Dans le même temps, la France se montre inflexible à l’endroit de la Turquie, à qui elle reproche de violer l’embargo sur les armes en Libye [voire de « syrianiser » le conflit libyen], de faire du chantage avec les migrants et d’effectuer des forages dans la zone économique exclusive la République de Chypre [membre de l’UE, ndlr]. Et l’Égypte n’y est pas insensible.
Selon La Tribune, les « relations entre la France et l’Égypte se réchauffent grâce à la Turquie. Les industriels de l’armement tricolores profitent de ce réchauffement pour reprendre les discussions avec le Caire. » Et de préciser : « La posture ferme de Paris face à Ankara et la bienveillance de Rome vis-à-vis de Recep Tayyip Erdogan en Libye ont été un déclic au Caire, qui a eu pourtant beaucoup de mal à encaisser la leçon sur les droits de l’Homme d’Emmanuel Macron en janvier 2019. »
De quoi revigorer la perspective d’une commande de 12 [voire 24] Rafale EM/DM par l’Égypte… mais aussi celle d’une levée de l’option concernant deux corvettes Gowind.
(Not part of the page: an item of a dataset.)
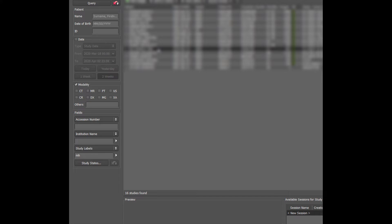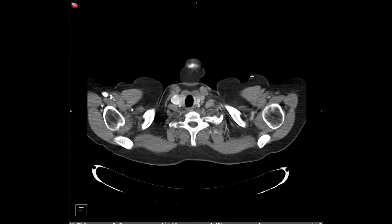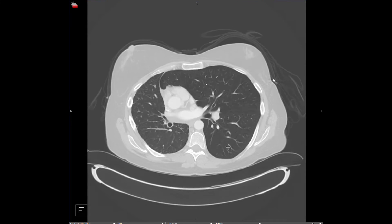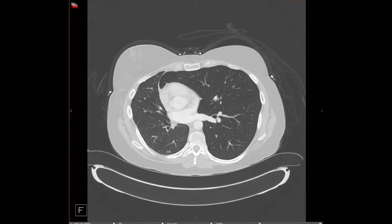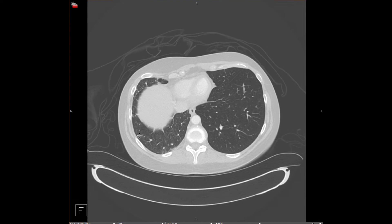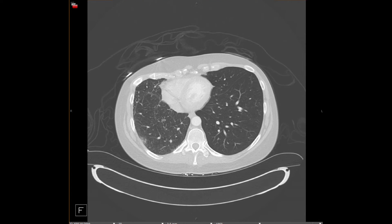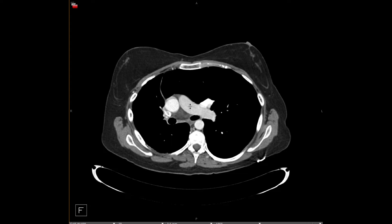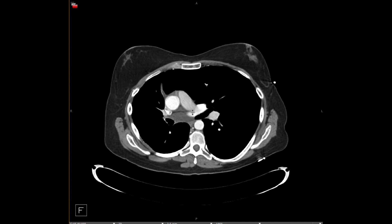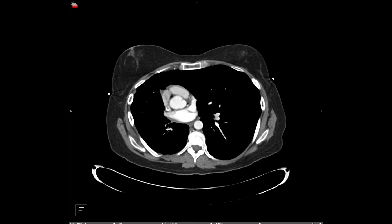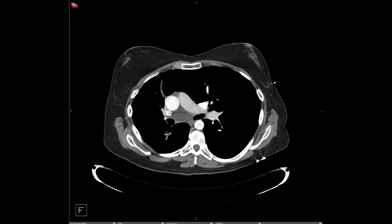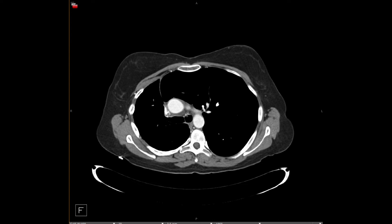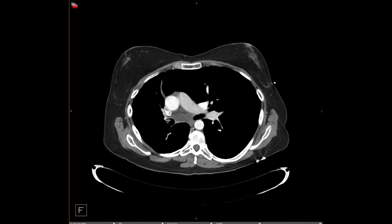Next is pulmonary artery agenesis. On lung windows the right lung is small with abnormal vascularity, some areas of scarring, and subtle thickening — it looks like a scarred lung. On mediastinal windows there are normal main and left pulmonary arteries, but the right pulmonary artery is entirely absent. All the vascular supply to the right lung is fed from bronchial collaterals, which you can see extending into the right hilum.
En outre, Le Caire envisagerait également d’améliorer la protection des deux Bâtiments de projection et de commandement [BPC] « Anouar el Sadate » et « Gamal Abdel Nasser », acquis en 2015 auprès de la France.
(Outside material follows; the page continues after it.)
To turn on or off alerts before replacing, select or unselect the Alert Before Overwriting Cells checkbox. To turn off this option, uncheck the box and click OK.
Quoi qu’il en soit, la presse italienne n’a plus évoqué une éventuelle commande égyptienne d’avions Eurofighter depuis près d’un mois. En revanche, l’achat, par l’Égypte de deux FREMM intialement destinées à la Marina Militare, a été abondemment commenté… Et il en ressort que la classe politique transalpine voit d’un mauvais oeil cette vente.
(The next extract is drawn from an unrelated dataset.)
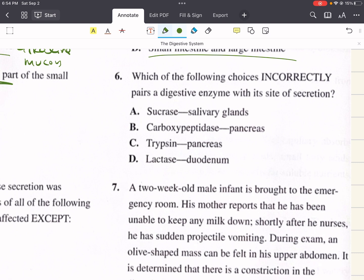Problem six says, which of the following choices incorrectly pairs a digestive enzyme with its site of secretion? Sucrase paired with salivary glands — sucrase is a brush border enzyme found on duodenal cells; it's not secreted by the salivary glands. This enzyme hydrolyzes sucrose to form glucose and fructose, so this is an incorrect pairing. Carboxypeptidase in the pancreas is correct, trypsin in the pancreas is also correct, and lactase in the duodenum is also correct. The only incorrect pairing is A, so six is A.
« La vente des deux frégates militaires de la marine italienne à l’Égypte comporte de grands risques. Non seulement les efforts internationaux devraient aller vers la désescalade militaire dans la région, mais l’Égypte n’est pas notre alliée : en Méditerranée, nous avons des intérêts différents, les Égyptiens faisant partie d’un axe régional qui soutient le gouvernement de Haftar en Libye, tandis que l’Italie appuie celui [Fayez el-] Serraj internationalement reconnu [le GNA, ndlr]. Ajoutez à cela le manque de collaboration du côté égyptien dans l’affaire de Giulio Regeni et dans celle de Patrick Zaky [un étudiant à l’université de Bologne, arrêté au Caire pour atteinte à la sécurité nationale, ndlr], ce qui témoigne d’un manque d’attention aux demandes italiennes », a résumé Lia Quartapelle du Parti démocrate, qui partage le pouvoir avec le Mouvement Cinq Étoiles [M5S].